Любящий вас Л. Толстой».
Уже вечерело, когда я зачем‑то зашел в кабинет Льва Николаевича. Почему‑то упомянуто было письмо киевского студента.
Лев Николаевич, засунув кисти рук за пояс, стоял против большого окна и, немного запрокинув голову, задумчиво глядел в темнеющий сад.
— Если бы не дочь, не Саша, я бы ушел!.. Я бы ушел!..
Я не сдержался и высказал Льву Николаевичу то, что было у меня на душе, по поводу этого постоянно предъявляемого к Толстому требования уйти из Ясной Поляны. Мне кажется, что те, кто предъявляют ко Льву Николаевичу подобное требование, не доверяют ему. Надо научиться доверять ему. По крайней мере я, после того как я подробнее познакомился с произведениями Льва Николаевича последних лет, не могу чувствовать иначе, как так, что все, что ни сделает Толстой, все это к лучшему, все это ему нужно, — значит, так и нужно! Остается он в Ясной Поляне, — я верю, что это так нужно; если бы он покинул Ясную Поляну— я верил бы, что, значит, именно так и нужно…
Лев Николаевич очень внимательно и, как мне показалось, сочувственно прослушал мою тираду. Внешним образом он не выразил своего отношения к ней, если не считать несколько раз вырвавшихся у него, характерных для него восклицаний (удивления и сочувствия):
— Хха!.. Хха!..
Против обыкновения ответ Льва Николаевича студенту Манджосу не был переписан на ремингтоне в нескольких копиях. С черновика Льва Николаевича я переписал его своей рукой, Лев Николаевич подписал переписанный мною экземпляр, а черновик я сохранил у себя.
Сегодня день «святого Льва, папы Римского», и Лев Николаевич — именинник.
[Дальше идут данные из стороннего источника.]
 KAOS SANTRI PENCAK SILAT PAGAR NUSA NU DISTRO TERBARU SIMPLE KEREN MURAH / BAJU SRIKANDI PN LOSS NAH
Но, конечно, в доме человека, отлученного от церкви, было бы странно ждать, чтобы этот день выделяли из других. Впрочем, за обедом был сладкий пирог — «именинный», по словам Софьи Андреевны. Это, вероятно, остаток прежних традиций, еще памятных семейным.
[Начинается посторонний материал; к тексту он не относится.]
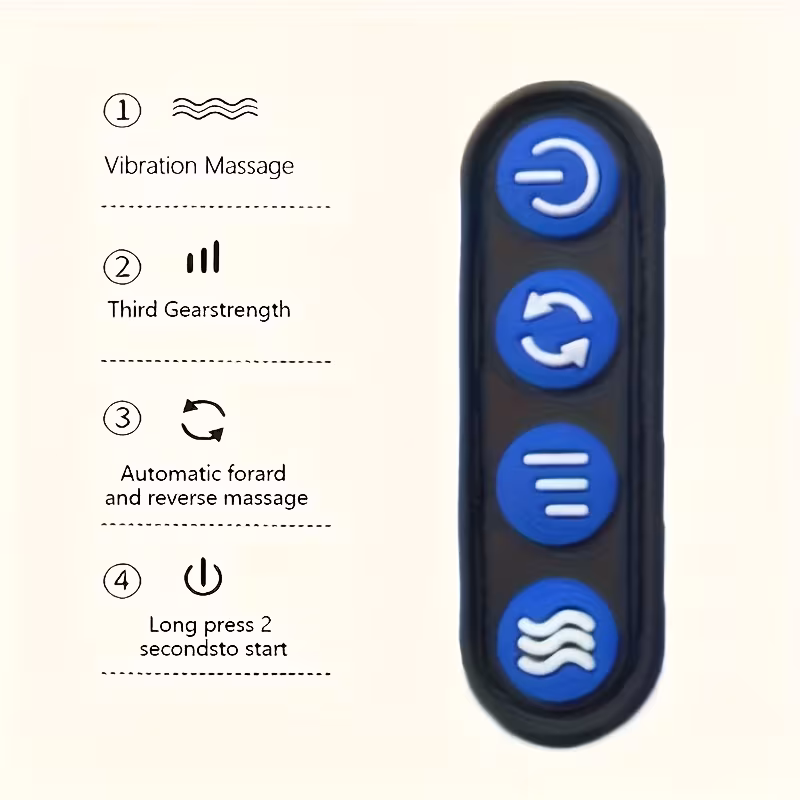Electric Neck Massage Pillow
Первыми словами Льва Николаевича, когда он вышел к обеду, был вопрос к Михаилу Сухотину:
— Ну, как дела Чичикова, подвигаются?
И опять заговорил о Гоголе, которого читал молодой Сухотин.
Вспомнил и рассказал еще Лев Николаевич об одном «ругательном» письме, полученном им сегодня. Письмо это я тоже читал. Автор его ругает Толстого на шести страницах и, наконец, в приписке к письму заявляет:
«И все‑таки вы старик хороший».
Одним словом, что‑то вроде собакевичевского выражения о прокуроре, но только в обратном смысле.
Льва Николаевича интересовал вопрос, отчего, собственно, охватило автора этого письма такое злостное к нему отношение (письмо его, оказывается, было далеко не первым).
Татьяна Львовна напомнила Льву Николаевичу, что этот корреспондент, бывавший раньше у них, поэт.
— А! Теперь я понимаю, — воскликнул Лев Николаевич. — Оправдывается латинское изречение: irrita- bilis gens poetarum [69].